Re: parallel file create rates (+high latency)

Daire Byrne <daire@xxxxxxxx> · Wed, 26 Jan 2022 00:28:23 +0000

On Wed, 26 Jan 2022 at 00:02, NeilBrown <neilb@xxxxxxx> wrote:
>
> On Wed, 26 Jan 2022, J. Bruce Fields wrote:
> > On Tue, Jan 25, 2022 at 03:15:42PM -0600, Patrick Goetz wrote:
> > > So the directory is locked while the inode is created, or something
> > > like this, which makes sense.
> >
> > It accomplishes a number of things, details in
> > https://www.kernel.org/doc/html/latest/filesystems/directory-locking.html
>
> Just in case anyone is interested, I wrote this a while back:
>
> http://lists.lustre.org/pipermail/lustre-devel-lustre.org/2018-November/008177.html
>
> it includes a patch to allow parallel creates/deletes over NFS (and any
> other filesystem which adds support).
> I doubt it still applies, but it wouldn't be hard to make it work if
> anyone was willing to make a strong case that we would benefit from
> this.

Oh wow! That would be really interesting to test for my (high latency)
use case and single directory parallel file creates.

However, what I'm doing is so niche that I doubt I could help make
much of a valid case for its inclusion.

Hopefully others might have better reasons than I...

Daire

> > > File creation means the directory
> > > "file" is being updated. Just to be clear, though, from your ssh
> > > suggestion below, this limitation does not exist if an existing file
> > > is being updated?
> >
> > You don't need to take the exclusive i_rwsem lock on the directory to
> > update an existing file, no.
> >
> > (But I was only suggesting that creating a bunch of files by ssh'ing
> > into the server first and doing the create there would be faster,
> > because the latency of each file create is less when you're running it
> > directly on the server, as opposed to over a wide-area network
> > connection.)
> >
> > --b.
> >
> > >
> > >
> > > >
> > > >So, it's not surprising you'd get a higher rate when creating in
> > > >multiple directories.
> > > >
> > > >Also, that lock's taken on both client and server.  So it makes sense
> > > >that you might get a little more parallelism from multiple clients.
> > > >
> > > >So the usual advice is just to try to get that latency number as low as
> > > >possible, by using a low-latency network and storage that can commit
> > > >very quickly.  (An NFS server isn't permitted to reply to the RPC
> > > >creating the new file until the new file actually hits stable storage.)
> > > >
> > > >Are you really seeing 200ms in production?
> > > >
> > > >--b.
> > > >
> > > >>
> > > >>If I start 100 processes on the same client creating unique files in a
> > > >>single shared directory (with 200ms latency), the rate of new file
> > > >>creates is limited to around 3 files per second.
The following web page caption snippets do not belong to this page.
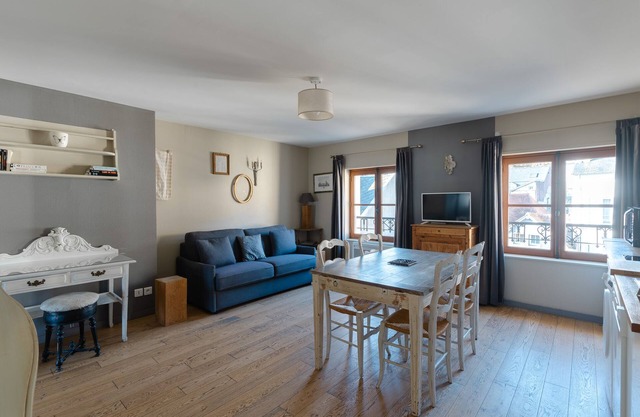 Honfleur. 4 PEOPLE. LUMINOUS. PERFECT LOCATION. PRIVATE PARKING. FREE WIFI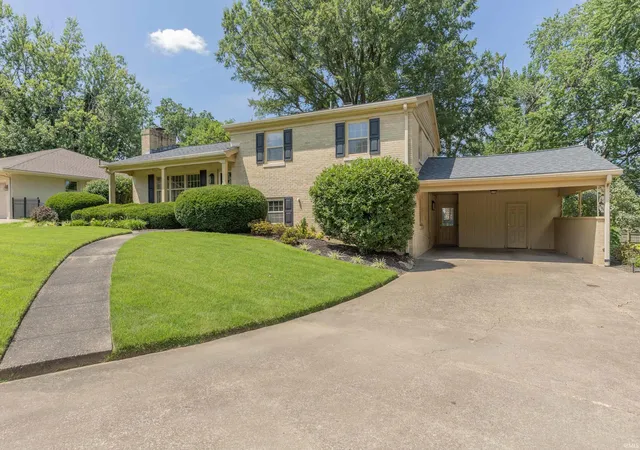 Photo 2 of Sale Pending at 112 Montclair Ct, Evansville, IN 47715 | MLS# 202629870 | Listing updated on 2026-08-19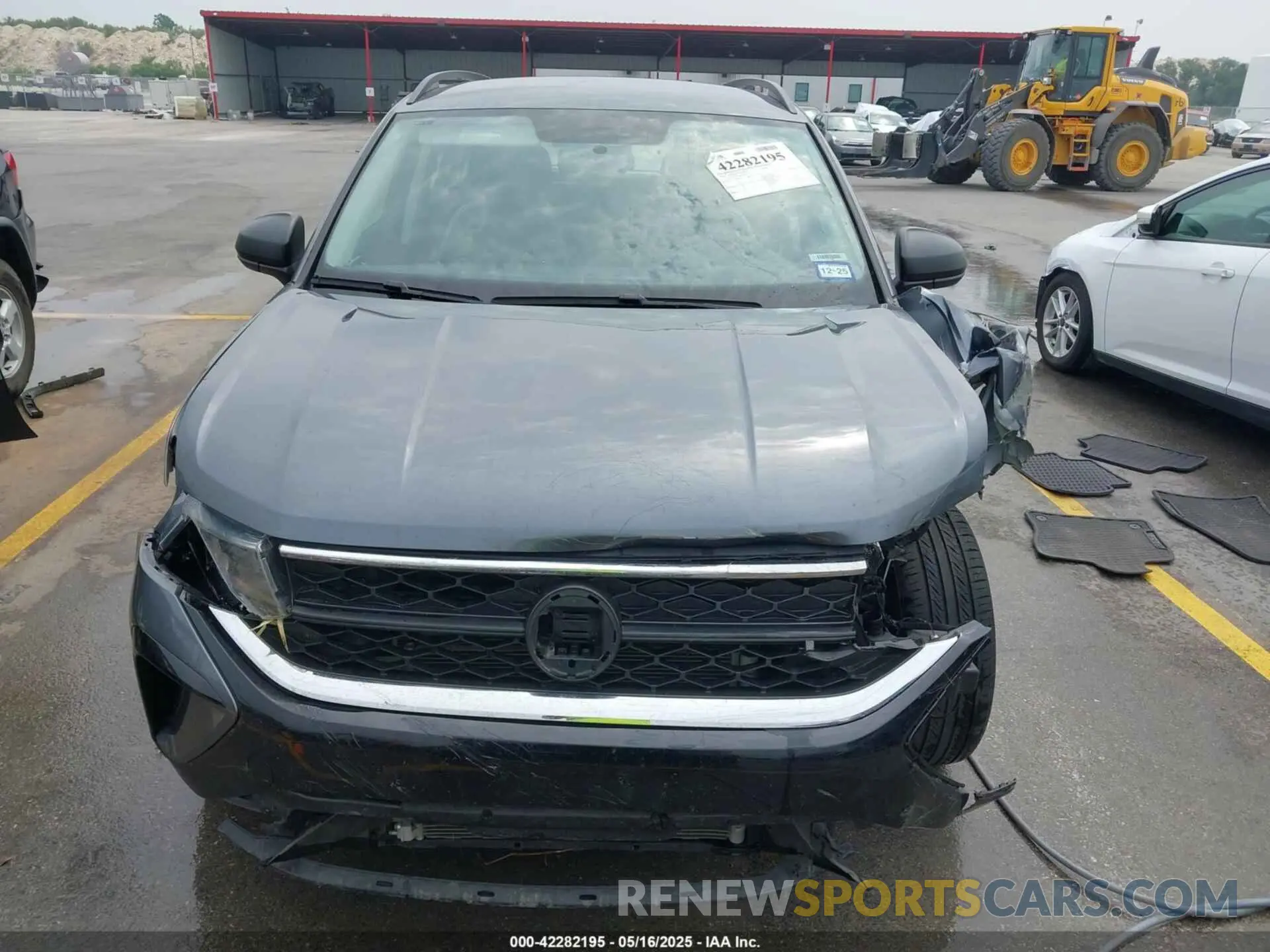 6 Photograph of a damaged car 3VVCX7B25NM051192 VOLKSWAGEN TAOS 2022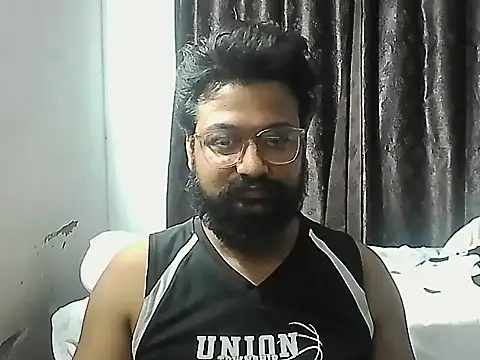 Dollseye online show from April 22, 5:36 pm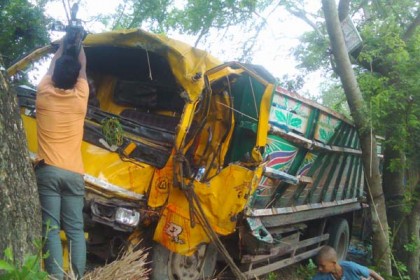 মাদারীপুরে নিয়ন্ত্রণ হারিয়ে ট্রাক খাদে, নিহত ২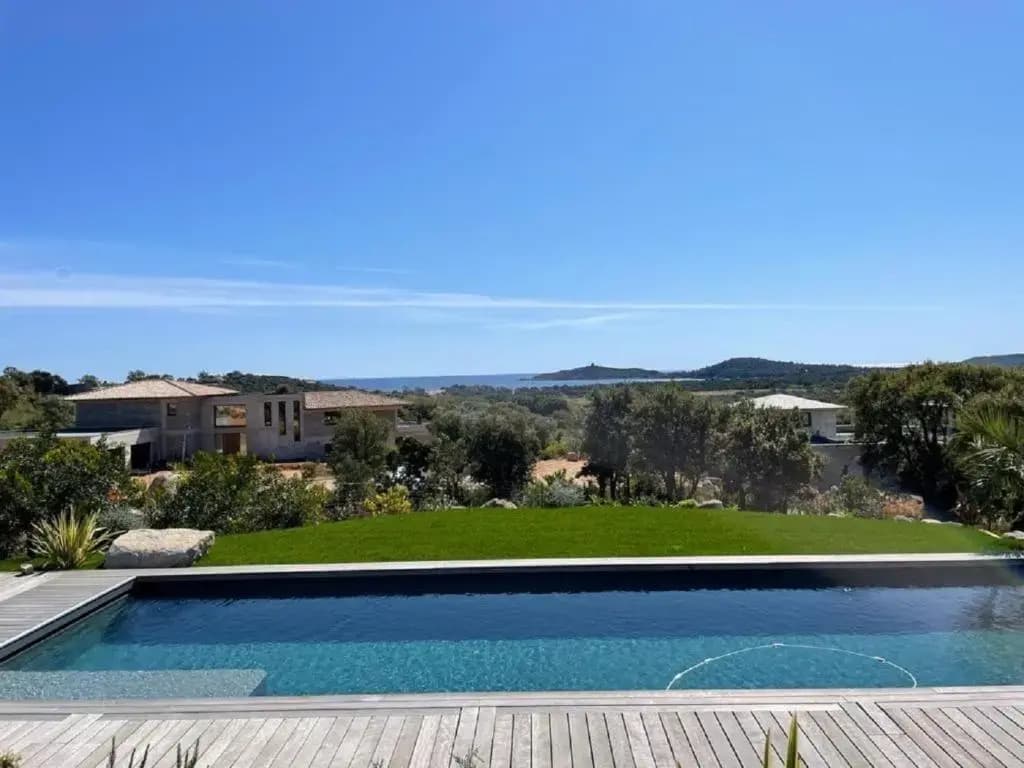 Splendide villa d'architecte vue sur la baie de Pinarellu - Miniature 8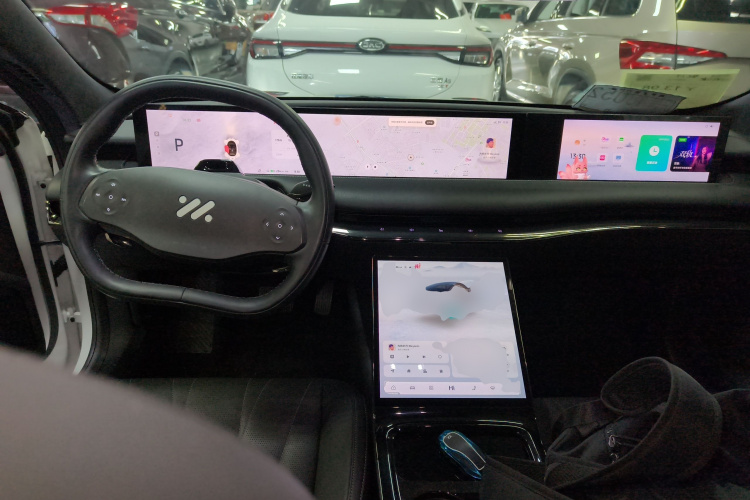 智己汽车 智己L7 2022款 Dynamic中控内饰12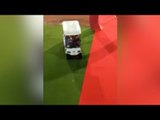 لحظة خروج محمود متولي لاعب الأهلي على سيارة إسعاف بعد الإصابة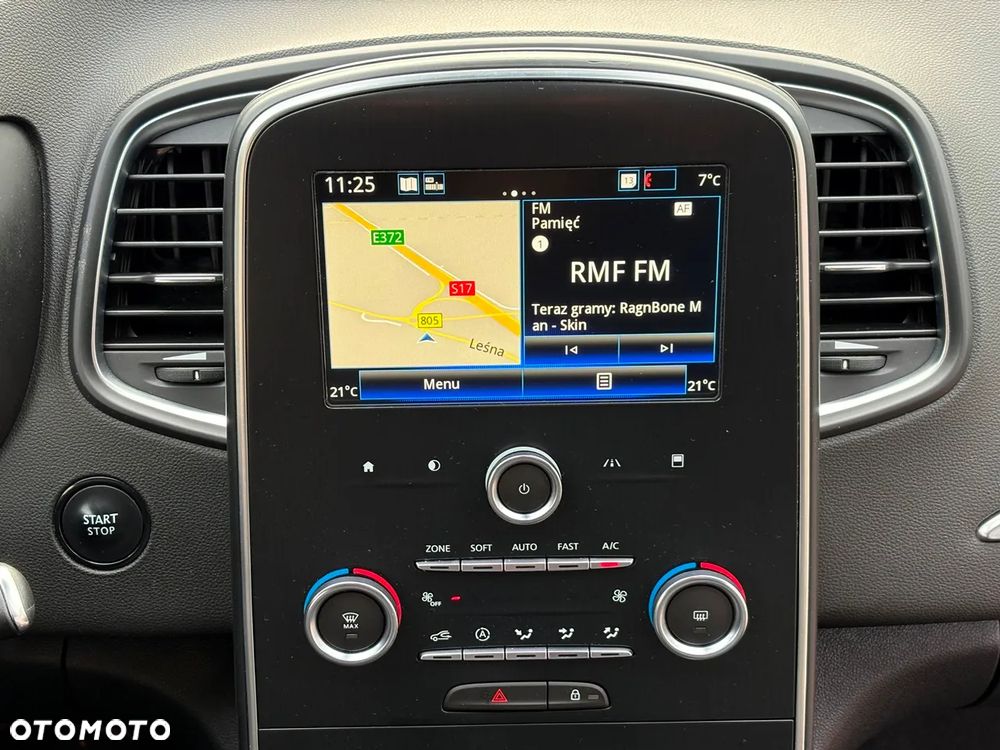 Renault Grand Scenic - 23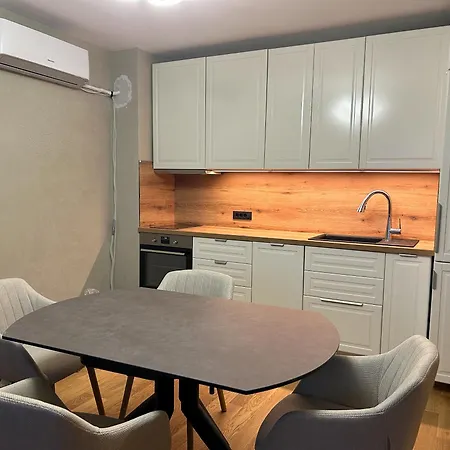 Bright Center With Stunning Views Appartement *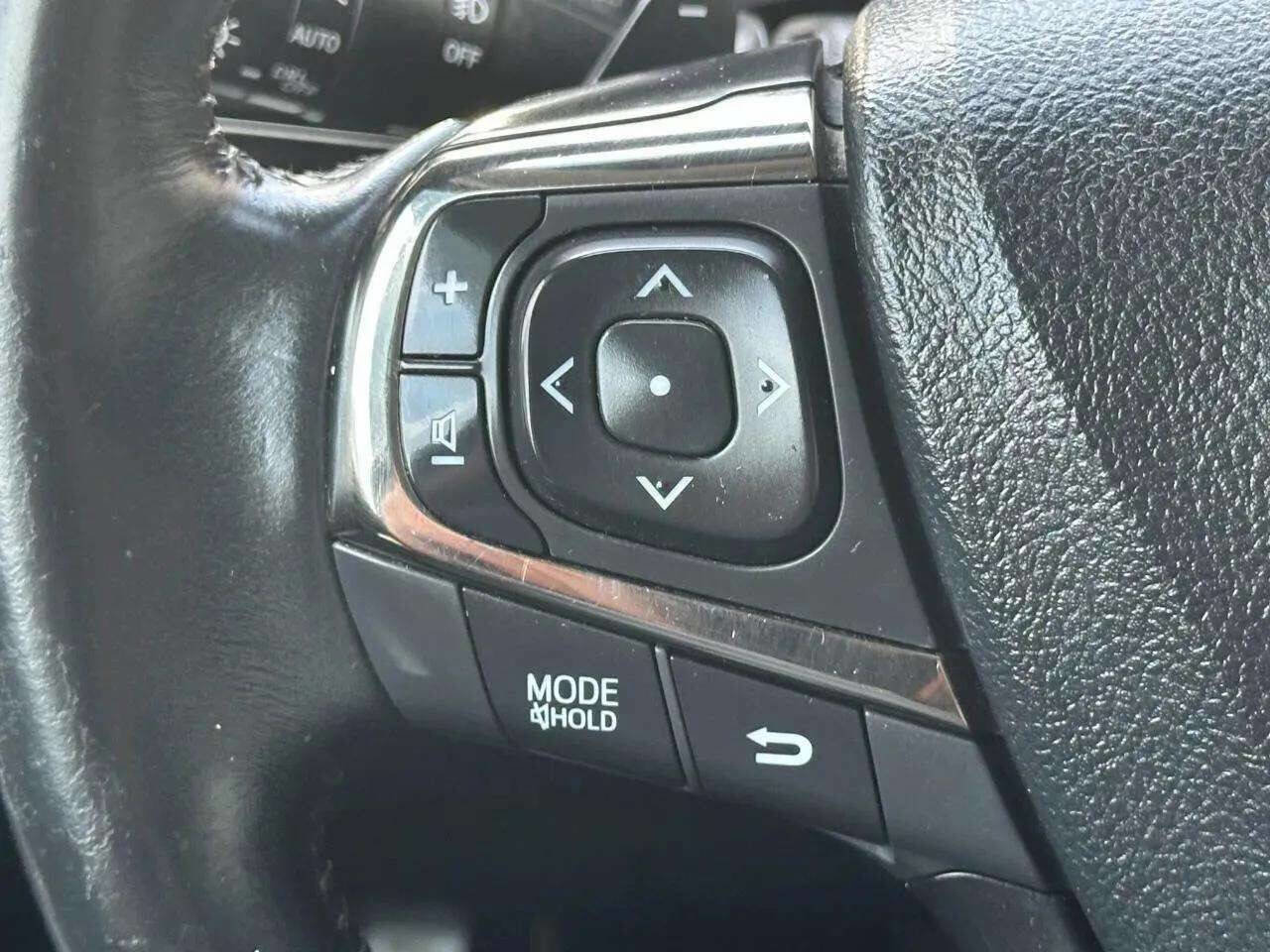 Used 2013 Toyota Avalon XLE Touring image 30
Something like this:
> > > >>
> > > >># add latency to the client
> > > >>sudo tc qdisc replace dev eth0 root netem delay 200ms
> > > >>
> > > >>sudo mount -o vers=4.2,nocto,actimeo=3600 server:/data /tmp/data
> > > >>for x in {1..10000}; do
> > > >>     echo /tmp/data/dir1/touch.$x
> > > >>done | xargs -n1 -P 100 -iX -t touch X 2>&1 | pv -l -a > /dev/null
> > > >>
> > > >>It's a similar (slow) result for NFSv3. If we run it again just to
> > > >>update the existing files, it's a lot faster because of the
> > > >>nocto,actimeo and open file caching (32 files/s).
> > > >>
> > > >>Then if I switch it so that each process on the client creates
> > > >>hundreds of files in a unique directory per process, the aggregate
> > > >>file create rate increases to 32 per second. For NFSv3 it's 162
> > > >>aggregate new files per second. So much better parallelism is possible
> > > >>when the creates are spread across multiple remote directories on the
> > > >>same client.
> > > >>
> > > >>If I then take the slow 3 creates per second example again and instead
> > > >>use 10 client hosts (all with 200ms latency) and set them all creating
> > > >>in the same remote server directory, then we get 3 x 10 = 30 creates
> > > >>per second.
> > > >>
> > > >>So we can achieve some parallel file create performance in the same
> > > >>remote directory but just not from a single client running multiple
> > > >>processes. Which makes me think it's more of a client limitation
> > > >>rather than a server locking issue?
> > > >>
> > > >>My interest in this (as always) is because while having hundreds of
> > > >>processes creating files in the same directory might not be a common
> > > >>workload, it is if you are re-exporting a filesystem and multiple
> > > >>clients are creating new files for writing. For example a batch job
> > > >>creating files in a common output directory.
> > > >>
> > > >>Re-exporting is a useful way of caching mostly read heavy workloads
> > > >>but then performance suffers for these metadata heavy or writing
> > > >>workloads. The parallel performance (nfsd threads) with a single
> > > >>client mountpoint just can't compete with directly connected clients
> > > >>to the originating server.
> > > >>
> > > >>Does anyone have any idea what the specific bottlenecks are here for
> > > >>parallel file creates from a single client to a single directory?
> > > >>
> > > >>Cheers,
> > > >>
> > > >>Daire
> >
> >